I can’t access the primary source for Beniston but his conclusion seems rather overblown. Every limited time series with a definite cut-off at the beginning will produce ever increasing extremes in both directions. So during the fifties half of these were new minima, which seems low, since they fall in the middle of three decades of a known and well recorded decrease in average temperature. In the single recent year Beniston has picked out the proportion of minima is smaller, but it’s still 40 % of all extremes. In an environment as noisy as this, 40 % in a single year is indistinguishable from 50 %.

Cai et al.’s results are based on computer models alone, the one tool most amenable to junk science and unintentional or unconscious tweaking towards achieving an intended goal. If this temperature dependency is real, it ought to be visible in the Roman and Medieval optima and discernible through archaeology. If it can be shown to have occurred then, I’ll believe the projections for our future but not before.
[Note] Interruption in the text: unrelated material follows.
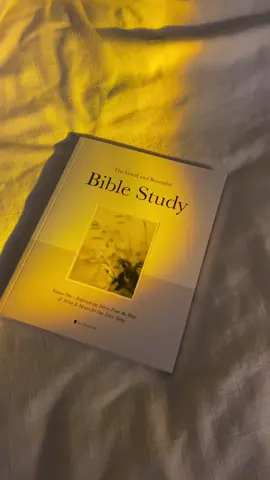 finally an aesthetic bible study book that actually has good quality content…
Kim, Kim & Kim introduce a wonderful new lightweight and high-strength material. Its high ductility and astonishing strain hardening greatly aids the design of constructions with predictable and fail-safe failure modes. That said I’m dismayed at the suggested use for automobiles. The VW Golf I weighed 750 kg and when damaged could easily and safely be welded in any backyard. The current model weighs nearly twice as much at 1150 kg and, contrary to what the abstract implies, that is not due to a rise of structural material but to unimaginable loads of junk and extras no sane driver would ever want to have in his car. The load bearing structure gets lighter by the year and already today the carefully heat treated high tensile materials can be neither welded nor brazed without becoming brittle and losing all its strength, making private repairs downright suicidal. Every little mishap today results in the complete replacement of half the structure. You can and probably should make airliners and nuclear reactors that way but not things in everyday use by ordinary people.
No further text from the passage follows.